→ Material provided
--- START ---
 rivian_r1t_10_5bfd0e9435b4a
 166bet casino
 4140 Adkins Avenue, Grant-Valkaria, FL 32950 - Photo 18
--- END ---
→ Your objective
Type out the material above once more, exactly.

→ Output below
 rivian_r1t_10_5bfd0e9435b4a
 166bet casino
 4140 Adkins Avenue, Grant-Valkaria, FL 32950 - Photo 18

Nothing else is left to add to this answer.